Goal of the exercise -> Copy the records below in full and leave every image out of the copy.

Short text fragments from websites

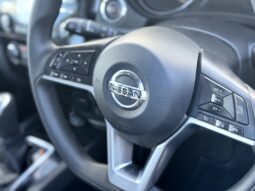 
2020 Nissan X-TRAIL ST (4WD) T32 Series 2 Wagon 4Cyl 2.5 L full									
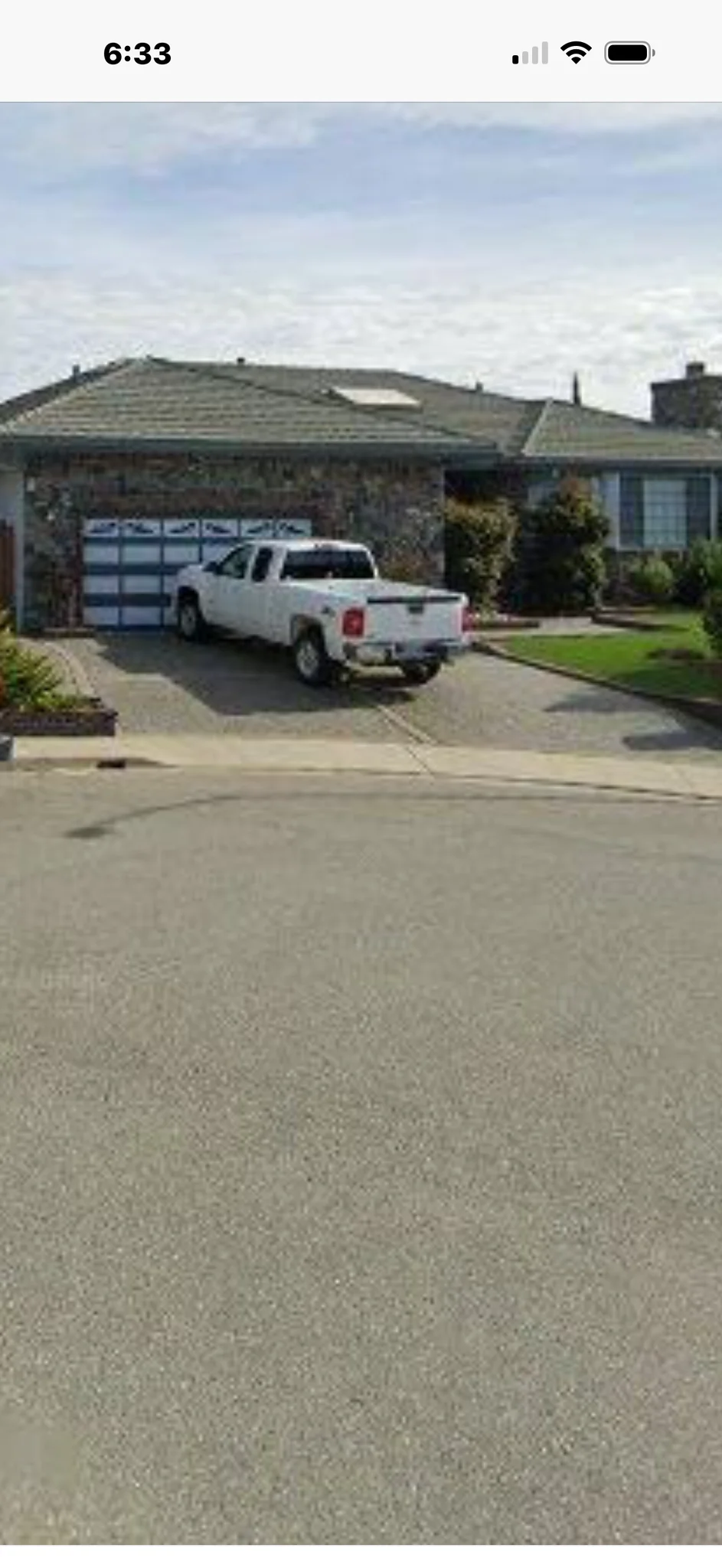 17828 Center St Castro Valley, CA 94546 photo 5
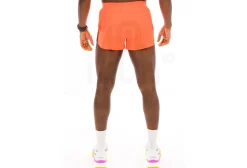Puma Raceday Ultraweave Split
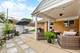 6150 N Keating, Chicago, IL 60646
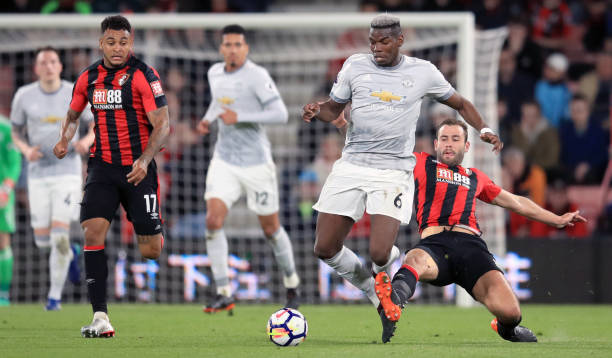 学习到在面 学习到在面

Response area ->
2020 Nissan X-TRAIL ST (4WD) T32 Series 2 Wagon 4Cyl 2.5 L full									
 17828 Center St Castro Valley, CA 94546 photo 5
Puma Raceday Ultraweave Split
 6150 N Keating, Chicago, IL 60646
 学习到在面 学习到在面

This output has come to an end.